Any ideea what am I missing? Thanks.
 
Then..

If the PWM is above PR2, nothing will happen.. You need to set right justification

Ok I have set it as right-justified so now my ADC result(say value 1011001101) is in this form:
ADRESH: 0000010
ADRESL: 11001101

And so to my understanding I need: (bits <1:0> from ADRESH + bits <7:3> from ADRESL) in CCPR1L register and (bits <1:0> from ADRESL) in DC1B1 and DC1B2 registers.
Also to ensure that PERIOD>Duty cycle from their formulas: PERIOD = [(PR2+1)*4*TOSC*TMR2prescale] and DC = CCPR1L:CCP1CON(5:4) (which is 1023 maximum in decimal if I'm not mistaken) I have done some calculations and I concluded that for the PERIOD always be > than DC PR2 has to be bigger than 254 decimal value which is 11111110 in binary so I put PR2 to 11111111 in the code.

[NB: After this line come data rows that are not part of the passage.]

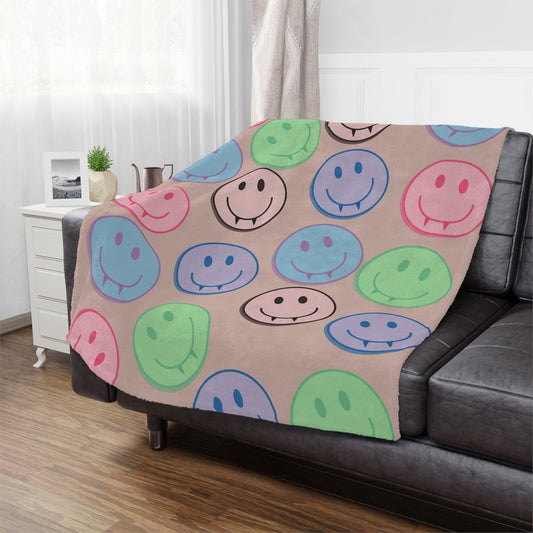 Vampire blanket, Smiley face blanket, Horror fan gift, Spooky blanket, TVD merch, Tvd fan gift, Vampire fan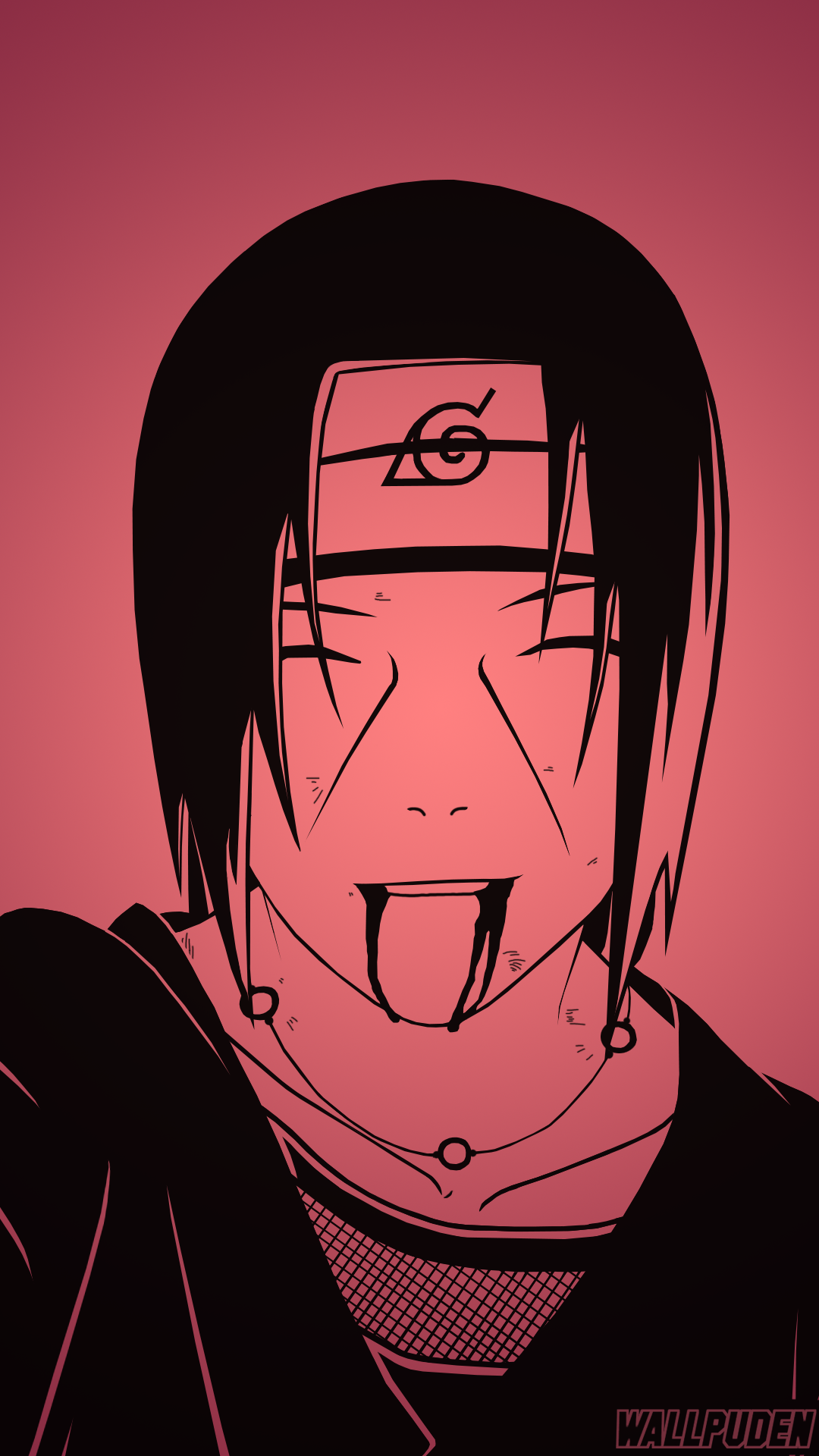 Phone wallpaper featuring Itachi Uchiha from Naruto anime, designed with a red background and minimalist black line art, compatible with iPhones and Android devices.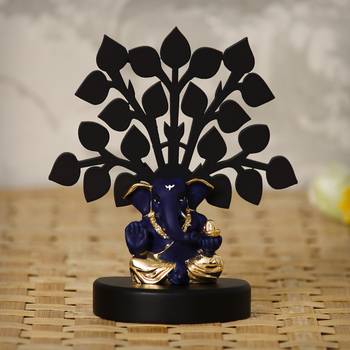 eCraftIndia Gold Plated Blue Appu Ganesha Decorative Showpiece with Wooden Tree for Home/Temple/Office/Car Dashboard 1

So I edited the code like this(+ the PR2 value): I may have missed something I have not worked with bitwise operations too much.

Code:
CCPR1L = (ADCResult << 6) | (ADRESL & 0xFC);   
DC1B1 = ADCResult & 0x02;  // 
DC1B0 = ADCResult & 0x01;

The motor works the same. Goes full speed no matter the value that the ADC converts :(
 
Here's mine..

With RIGHT justification it's quite simple.......
C:
CCPR1L = ADCresult >> 2;               // this converts ADC result to 8 bits..
CCP1CON |= ((ADCresult  & 0x03 ) << 4 ) ;  // this shifts the ADC two lower bits then get rid of all the other bits..
 
Ahhhh!! One of lifes little hiccups..... You don't actually initialize the ADC...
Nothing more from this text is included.